The caloric restriction thing is real; evidence has already shown, not only that if someone starves in their teens doe they have longevity, we now suspect (if male) it gets passed along in his sperm. That means what happens to ur father when he’s a teen, long b4 ur born, affex u!. Welcome o the freaky world of Epigenetics. Anyway, studies of I believe Swedish families in times of famine showed that the kids of famine victims (obviously those who survived) suffered markedly lower ravages of aging, like heart disease, stroke, Alzheimer’s etc. Anecdotally, my father survived the Holocaust (and was starving), and he lived to 85, ancient in his family tree. Interestingly, his older cousin, enduring then same fate at the same time, lived to 92. We don’t know for sure why, but starving apparently kix off the body’s switch to stop the normal aging process.
Here’s where it gets murkier: resveratrol has been shown to mimic the starvation effect, in high enough doses. The famous French Paradox shows that drinking red wine is good for you, of which resveratrol is an important ingredient. I take a pill made by a company which claims its resveratrol is so pure, it specifically stimulates the SIR-1 sirulin gene receptor, the 1 suspected to command the aging process to stop. in other words, think of it like a deadman’s switch: normal default is to age normally, get sick, etc. Starving while young or maybe resveratrol mimix the effect.

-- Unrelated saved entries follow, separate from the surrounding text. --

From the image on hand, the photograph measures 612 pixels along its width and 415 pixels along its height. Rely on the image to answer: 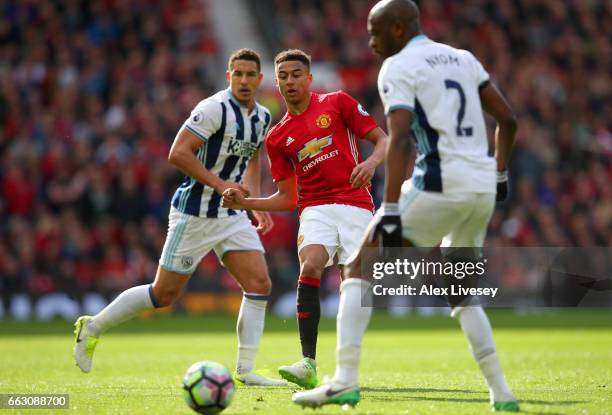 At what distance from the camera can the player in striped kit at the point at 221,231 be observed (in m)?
8.72

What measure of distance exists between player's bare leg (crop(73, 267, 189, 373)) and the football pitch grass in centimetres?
28

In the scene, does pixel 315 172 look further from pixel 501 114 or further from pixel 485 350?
pixel 485 350

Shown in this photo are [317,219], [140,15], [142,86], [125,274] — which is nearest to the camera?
[317,219]

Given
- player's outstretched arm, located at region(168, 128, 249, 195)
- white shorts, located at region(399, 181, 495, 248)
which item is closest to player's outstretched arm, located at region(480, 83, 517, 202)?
white shorts, located at region(399, 181, 495, 248)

This article suggests that the effects are due to a smaller body size (caloric restriction in youth stunts growth), which in turn is highly correlated with longevity; larger animals across virtually all species (but not between different species, where it is generally the opposite) generally have shorter lifespans. It even goes so far as to link the male/female difference in life expectancy to the fact that men are generally larger (one study mentioned showed that men and women of the same height lived just as long), and the increase in chronic diseases over the past century to an increase in average height.
You don’t need to do daily starvation, intermittent fasting accomplishes the same thing to your health. If a person can’t maintain only eating 60-70% of maintenance calories a day every day (far higher than the 20% the guy in the OP claims to eat, I still have no idea how someone could live off of 700 calories every day), you can eat maintenance one day, then 20-30% of maintenance the next. That is supposedly just as effective and easier to stick with (I had trouble, I can’t limit myself to 1200 calories which is about 30% of maintenace for me). I wonder if doing maintenance one day, then 60-70% the next would work. That would be even easier to stick with long term.
The mechanism by which is works may be because starving reduces how much NAD+ is reduced back into NADH. The ratio of NADH/NAD+ influences activity and expression of the SIR2 gene.